──────── Materials provided

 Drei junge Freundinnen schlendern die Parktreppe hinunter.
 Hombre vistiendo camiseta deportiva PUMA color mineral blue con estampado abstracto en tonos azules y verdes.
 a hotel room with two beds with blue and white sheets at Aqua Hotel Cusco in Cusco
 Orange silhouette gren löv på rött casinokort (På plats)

────────────────
──────── Materials provided

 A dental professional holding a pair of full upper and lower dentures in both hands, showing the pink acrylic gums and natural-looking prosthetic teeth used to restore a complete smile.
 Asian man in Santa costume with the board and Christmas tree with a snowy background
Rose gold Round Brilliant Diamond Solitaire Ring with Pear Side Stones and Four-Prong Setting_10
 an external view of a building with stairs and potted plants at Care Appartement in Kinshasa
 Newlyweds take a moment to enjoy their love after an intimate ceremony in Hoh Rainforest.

────────────────

## Exercise aim
Among the entries above, the line containing "Rose gold Round", the line containing "Newlyweds take a", and all lines between them are to be restated word for word; nothing else belongs in the reply.

## Your solution
Rose gold Round Brilliant Diamond Solitaire Ring with Pear Side Stones and Four-Prong Setting_10
 an external view of a building with stairs and potted plants at Care Appartement in Kinshasa
 Newlyweds take a moment to enjoy their love after an intimate ceremony in Hoh Rainforest.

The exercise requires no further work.